> [PROBLEM TO WORK ON] Output all the data exactly. Pictures do not belong in the copy.

> [DATA SHOWN]
* * *
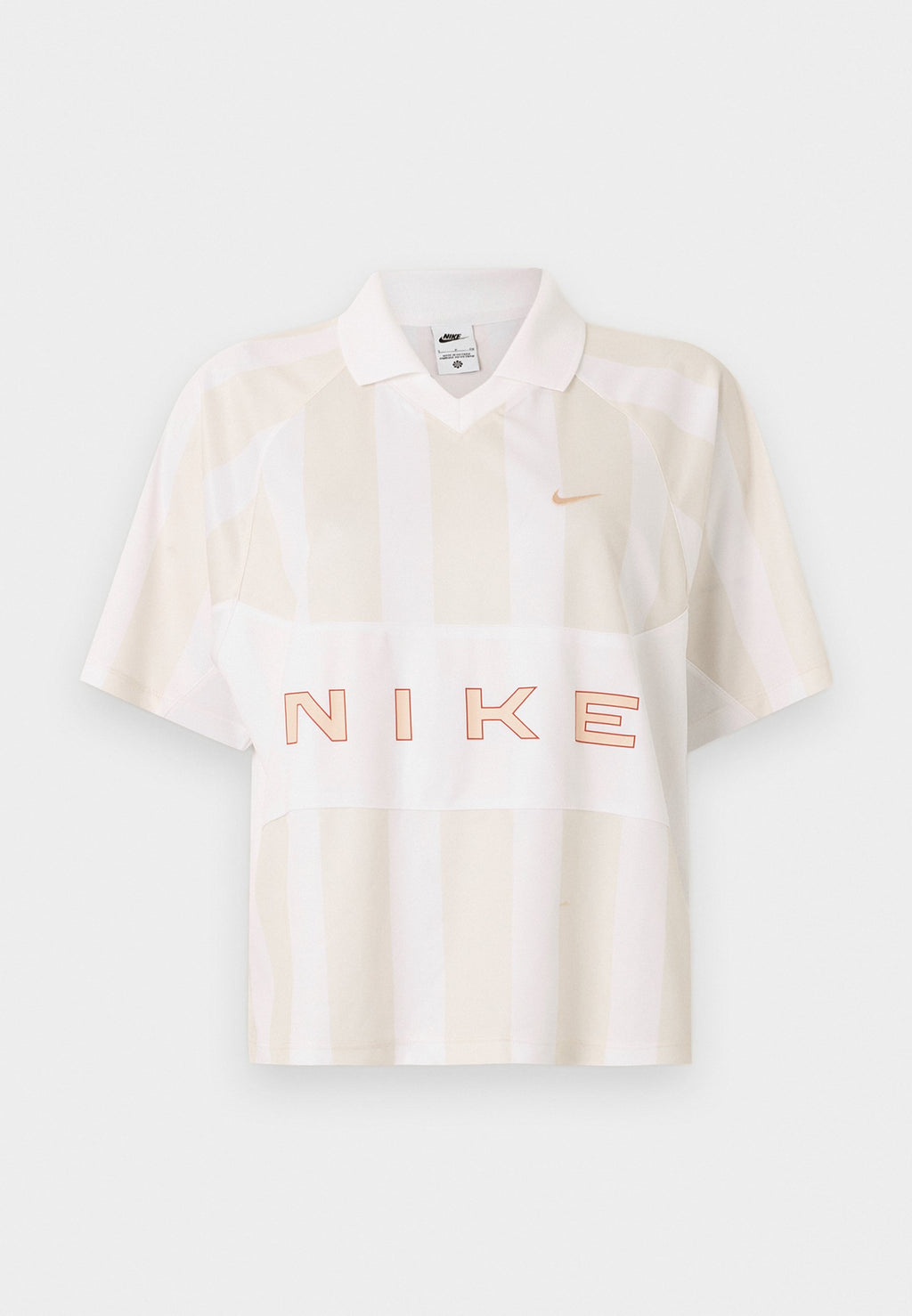 Polo - craie/blanc/orange arctique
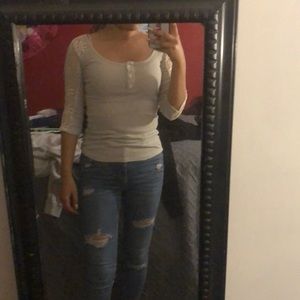 Elbow length shirt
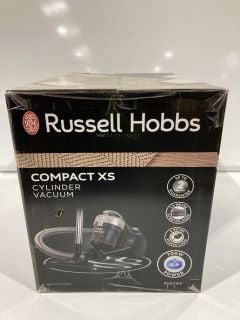 RUSSELL HOBBS COMPACT XS CYLINDER VACUUM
* * *
> [EXERCISE OUTPUT]
 Polo - craie/blanc/orange arctique
 Elbow length shirt
 RUSSELL HOBBS COMPACT XS CYLINDER VACUUM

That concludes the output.